L’indépendance de la BCE contre l’écologie
Cette analyse s’inscrit dans notre dossier “Écologie : ce qui pose problème dans les traités européens”.
L’esprit général de la politique économique de l’UE est une subordination totale des objectifs écologistes et progressistes aux besoins du capitalisme financiarisé.
L’austérité est la règle de base au sein de l’UE et la politique monétaire n’est d’aucune aide. En effet, comme indiqué précédemment, les États membres ne peuvent être financés par la Banque Centrale Européenne (BCE) ou encore par les banques commerciales avec des conditions préférentielles et la BCE est tenue au principe de neutralité qui découle du principe de concurrence libre qui infuse les traités européens.
Cette situation bloquante pour l’avancée de la transition écologique est renforcée par l’indépendance de la BCE instituée par l’article 130 du TFUE.
Les gouvernements des États membres de la zone euro n’ont pas le pouvoir d’adapter les objectifs de la banque centrale aux besoins de la transition écologique ou tout autre objectif stratégique (justice sociale, souveraineté technologique etc.) : “ni la Banque centrale européenne, ni une banque centrale nationale, ni un membre quelconque de leurs organes de décision ne peuvent solliciter ni accepter des instructions des institutions, organes ou organismes de l’Union, des gouvernements des États membres ou de tout autre organisme.”. La BCE est donc en roue libre pour faire appliquer le principe de concurrence qui perpétue la destruction de la planète et les inégalités socio-économiques. La seule possibilité pour infléchir cette trajectoire consiste en une révision des traités européens ce qui nécessite l’unanimité des États membres. Nous revenons sur la problématique (qui devra devenir et est déjà un dilemme à arbitrer pour ceux qui se prétendent écologistes) de l’action face à l’immobilisme des compromis improbables.

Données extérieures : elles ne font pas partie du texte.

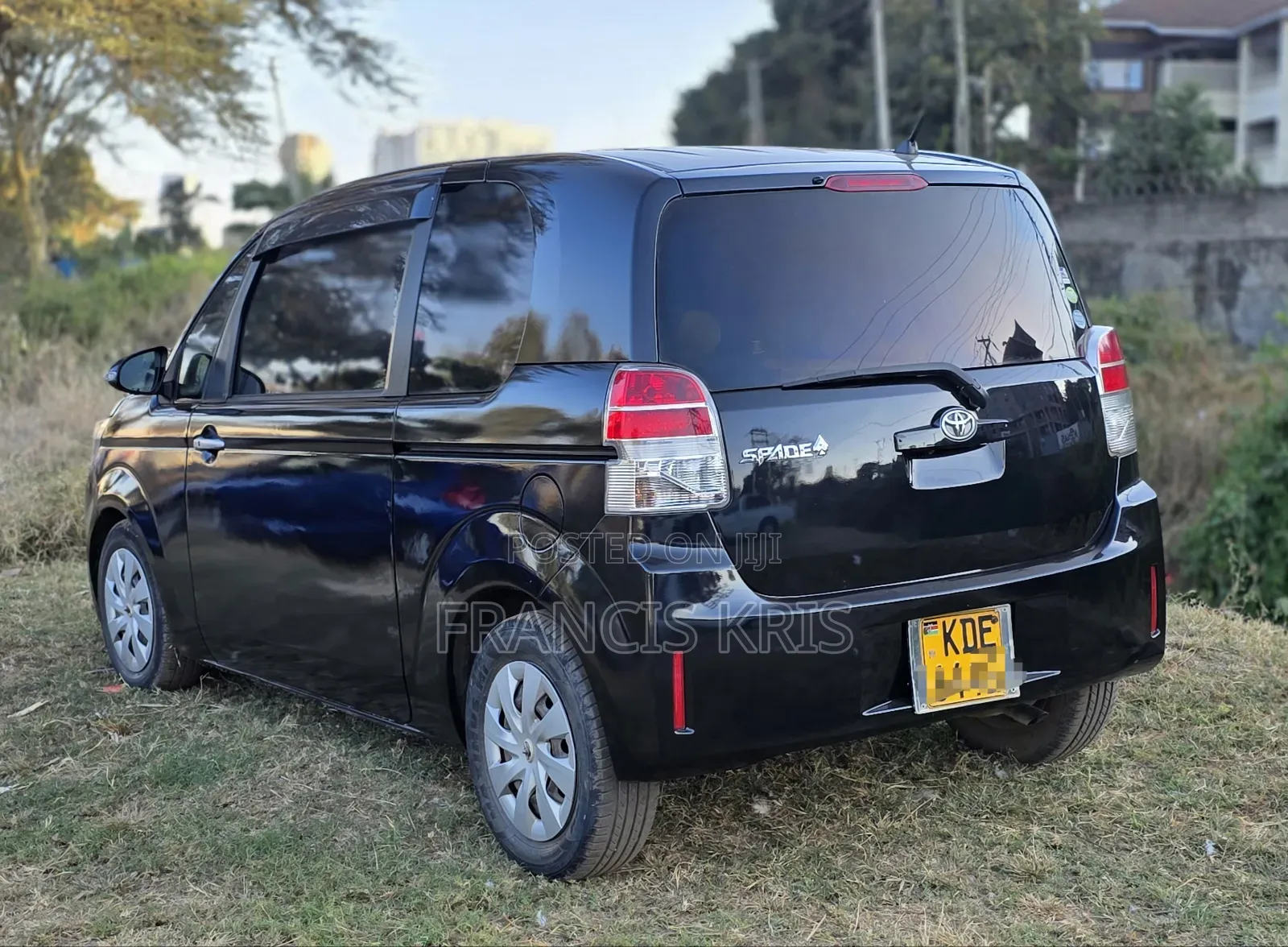 Toyota Spade 2014 Black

Par ailleurs, l’UE impose une forme d’auto-censure aux gouvernements vis-à-vis de la politique monétaire puisque ceux-ci “s’engagent […] à ne pas chercher à influencer les membres des organes de décision de la Banque centrale européenne ou des banques centrales nationales dans l’accomplissement de leurs missions”. Dit autrement, si les gouvernements considèrent (à juste titre) que la politique monétaire de l’UE est incompatible avec la transition écologique, ils sont priés de se taire. En effet, comment ne pas assimiler toute prise de position critique du gouvernement français, italien ou allemand comme une tentative d’influence. L’auto-censure imposée aux gouvernements au sein de l’UE vis-à-vis de la politique monétaire est profondément antidémocratique. Il représente également un frein à la mise en place d’une politique monétaire écologique dans la mesure où sont retirés du champs de l’analyse critique les objectifs poursuivis par la BCE (“croissance (verte)”, “économie de marché ouverte”, “concurrence libre”, “immobilisme”, “austérité”) qui sont des problèmes majeurs pour la transition écologique.

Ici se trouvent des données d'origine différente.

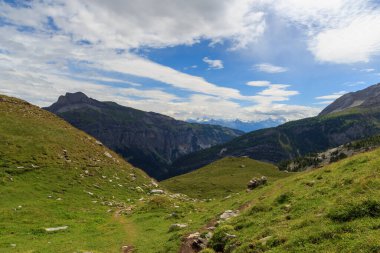 Mont Gond Zirvesi ve İsviçre Alpleri 'ndeki Pas de Cheville dağından görülen Pennine Alpleri' nin buzulları ile dağ manzarası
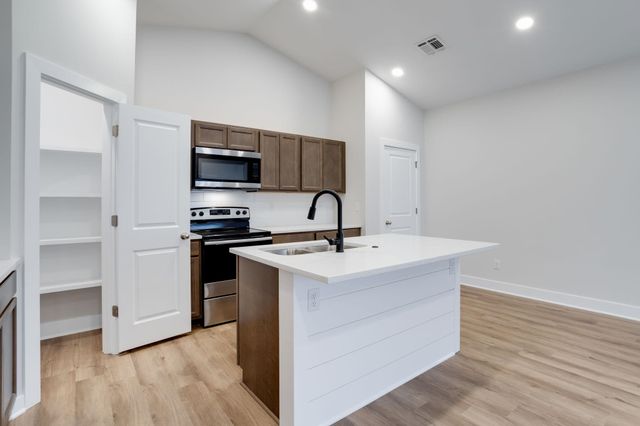 818 S Jay St, Valley Center, KS 67147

L’indépendance de la BCE s’est également illustrée lors de la mise en œuvre de mesures exceptionnelles suite aux crises de 2008 et à la crise sanitaire (opérations de refinancement à long terme, opérations de refinancement à long terme ciblées, programme d’achat d’actifs). Ces politiques ont été pensées et appliquées dans la plus grande opacité et sans le moindre contrôle démocratique (la mise en place du FESF, MES sont également caractéristiques de l’opacité de la politique monétaire européenne). Cela pose un problème majeur qui n’a pas encore été résolu et qui est maintenu éloigné du débat public.
Paradoxalement, dans le domaine de l’écologie, les programmes de la BCE ont favorisé les secteurs émetteurs de gaz à effet de serre. La neutralité de la politique monétaire annoncée par le cadre européen (conséquence du principe de concurrence libre) serait donc un principe qui s’applique à la discrétion de la BCE. Autant dire qu’au-delà de l’incohérence écologique, se pose un problème démocratique fondamental.
Conclusion
La BCE est indépendante. Les gouvernements des États membres de la zone euro n’ont pas le pouvoir d’adapter les objectifs de la banque centrale aux besoins de la transition écologique ou tout autre objectif stratégique (justice sociale, souveraineté technologique etc.). Les mesures exceptionnelles mise en œuvre suite aux crises de 2008 et à la crise sanitaires ont favorisé les secteurs émetteurs de gaz à effet de serre et donc aggravé la crise climatique.
La BCE est hors du contrôle démocratique et de l’influence des gouvernements élus des États membres. La seule solution pour une politique monétaire écologique au sein de l’UE est la révision des traités ce qui nécessite l’unanimité des États membres. L’UE comme système autobloquant s’illustre contre l’écologie. Assujettie au dogme de la croissance (verte), la concurrence libre, l’économie de marché l’indépendance de la BCE joue contre l’écologie.